Comment to the author
On Page 3, the authors attributed the negligible conversion of 1-propyl-2,5-dimethyl-1H-pyrrole to the isomerization of the substrate, which has been proposed before (Reference 21, Comprehensive Heterocyclic Chemistry, vol. 4, Pergamon Press, Oxford, 1984, p. 201.) It needs to be clarified whether the “walking” of methyl groups (leading to the exposure of α site) or the “walking” of propyl group (leading to the exposure of N-H) causes the poor activity.

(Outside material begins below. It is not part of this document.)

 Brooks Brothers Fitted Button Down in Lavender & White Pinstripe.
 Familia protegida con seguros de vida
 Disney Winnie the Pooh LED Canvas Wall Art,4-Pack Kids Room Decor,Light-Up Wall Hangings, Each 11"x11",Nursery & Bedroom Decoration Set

The walking of the methyl group (attack of the α position). Please see main text page 3 first paragraph
Comment to the author
On Page 3, the author mentioned that for 9-hexyl-9H-carbazole reaction, negligible conversion was observed after 1day whereas 2.5% conversion was observed after 5 days. Does this indicate the induction period of this process? If so, what causes the induction period?
No, it does not need the induction period, if the induction period is required, then after the induction period the catalyst should perform very well. However, we only observe 2.5 % conversion after 5 days. We believe, and according to our findings, it generates carbazole during the reaction which deactivates the system.
Comment to the author
The deactivation of catalyst during 9-hexyl-9H-carbazole reaction was attributed to the formation of carbazole byproduct (Page 4 and 5). Please clarify how carbazole poison the catalyst. Whether it is caused by the coordination of N to W or by decomposition of W complex? Additionally, is there any feasible method to recycle the catalyst after the deactivation?
The carbazole poisons the catalyst either by coordinating to W through lone pair over nitrogen or by forming a direct σ-bond with W by releasing CH4. Once it forms the bond with W, it is not easy to remove the carbazole part from the W and recycle it.